The New Jersey Supreme Court upheld the statute. It cited various Supreme Court precedents, including Florida Star v. B.J.F. (1988), which held (in striking down a ban on publishing the names of rape victims):

[1.] Our first inquiry is whether Caputo’s home address is truthful information that was lawfully obtained and is of public significance…. Kratovil lawfully obtained Caputo’s home address from the records custodian of the Cape May Board of Elections in response to an OPRA request…. [T]here is no indication in the record that Kratovil violated any law in his communications with the custodian.

We do not conclude that because Kratovil was permitted to write a story identifying Cape May as the municipality where Caputo lived without including his precise home address, this case does not involve a matter of public concern.
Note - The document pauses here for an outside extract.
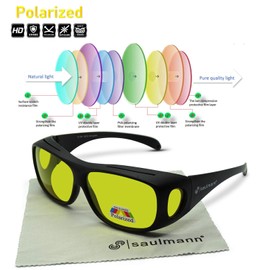 Saulmann® Polarised unisex anti-glare goggles - contrast outdoor and night driving glasses with UV protection against glare and anti-reflective coating - polarised glasses SM5776
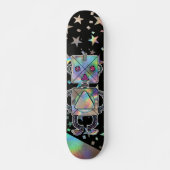 Holografische regenboogstars metalen rommelrobots skateboard (Voorkant)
In Florida Star, the Court did not frame the question to be whether the crime victim’s name was itself a matter of public concern, but whether the subject of the news article was a matter of public concern. It found that the subject of the article—violent crime investigated by law enforcement—was a matter of public concern.

In the specific setting of this appeal, the contested information—Caputo’s exact home address in Cape May—is related to Kratovil’s proposed story suggesting that Caputo lived too far from New Brunswick to effectively discharge his public duties. The subject matter of the story—a public official’s alleged failure to perform his duties because he lived hours from the community he served—is clearly a matter of public concern. We therefore hold, in the specific circumstances of this case, that Caputo’s home address in Cape May relates to a matter of public concern, and modify the Appellate Division’s decision with respect to that issue….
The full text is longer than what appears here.